If you don't get a PPZ and a bonus each week, leave this dumpster fire of an app off.

They are making you risk your life for peanuts, people.

Boycott Lyft.


----------



## Illini (Mar 14, 2019)

Makes sense to me --- @BogusServiceAnimal hates Lyft, so I'll stop driving for them.


----------



## AdAstra (Jun 26, 2020)

Phew 😅 
I thought u were talking about uber.

yes, boycott Lift


----------



## BogusServiceAnimal (Oct 28, 2019)

Illini said:


> Makes sense to me --- @BogusServiceAnimal hates Lyft, so I'll stop driving for them.


You will make more money working for lowest of the low Postmates than Lyft. This company cares nothing about you or your health. They are slowly going bankrupt and relying on idiots who don't know they're being raped.


----------



## Illini (Mar 14, 2019)

BogusServiceAnimal said:


> This company cares nothing about you or your health. They are slowly going bankrupt and relying on idiots who don't know they're being raped.


I agree, but you just described millions of companies across the USA.


----------



## PhxSuns (Feb 26, 2020)

BogusServiceAnimal said:


> If you don't get a PPZ and a bonus each week, leave this dumpster fire of an app off.
> 
> They are making you risk your life for peanuts, people.
> 
> Boycott Lyft.


I totally agree


----------



## Uber's Guber (Oct 22, 2017)

BogusServiceAnimal said:


> You will make more money working for lowest of the low Postmates than Lyft. This company cares nothing about you or your health.

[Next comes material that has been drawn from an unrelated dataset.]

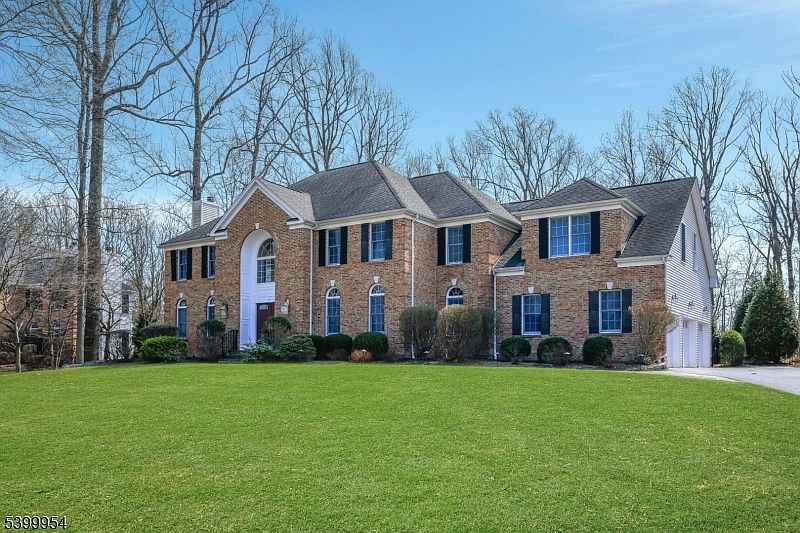 1st image of 18 Shadowbrook Way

And Postmates does?.... &#129300;


----------



## Trafficat (Dec 19, 2016)

I cannot login to postmates because they have a new agreement to read and I'm spending more money sending them letters to opt out of their latest arbitration agreements than I am making through their deliveries.


----------



## tohunt4me (Nov 23, 2015)

BogusServiceAnimal said:


> If you don't get a PPZ and a bonus each week, leave this dumpster fire of an app off.
> 
> They are making you risk your life for peanuts, people.
> 
> Boycott Lyft.


----------



## New2This (Dec 27, 2015)

**** Lyft


----------



## dmoney155 (Jun 12, 2017)

BogusServiceAnimal said:


> If you don't get a PPZ and a bonus each week, leave this dumpster fire of an app off.
> 
> They are making you risk your life for peanuts, people.
> 
> Boycott Lyft.


You're doing it wrong.... im swmming in $$$$ thanks to quitters like you... so big thank you my man!


----------



## tohunt4me (Nov 23, 2015)

dmoney155 said:


> You're doing it wrong.... im swmming in $$$$ thanks to quitters like you... so big thank you my man!


Sorry to Hear of you Drowning in Pennies.


----------



## Dice Man (May 21, 2018)

BogusServiceAnimal said:


> If you don't get a PPZ and a bonus each week, leave this dumpster fire of an app off.
> 
> They are making you risk your life for peanuts, people.
> 
> Boycott Lyft.


Totally agree, but Uber is not better.
Just get out of rideshare.
It is only good for retired people like me.


----------



## Stevie The magic Unicorn (Apr 3, 2018)

All this animosity,

and the dude_ isn't even from Orlando..._


----------



## Driveralp (Aug 25, 2019)

dmoney155 said:


> You're doing it wrong.... im swmming in $$$$ thanks to quitters like you... so big thank you my man!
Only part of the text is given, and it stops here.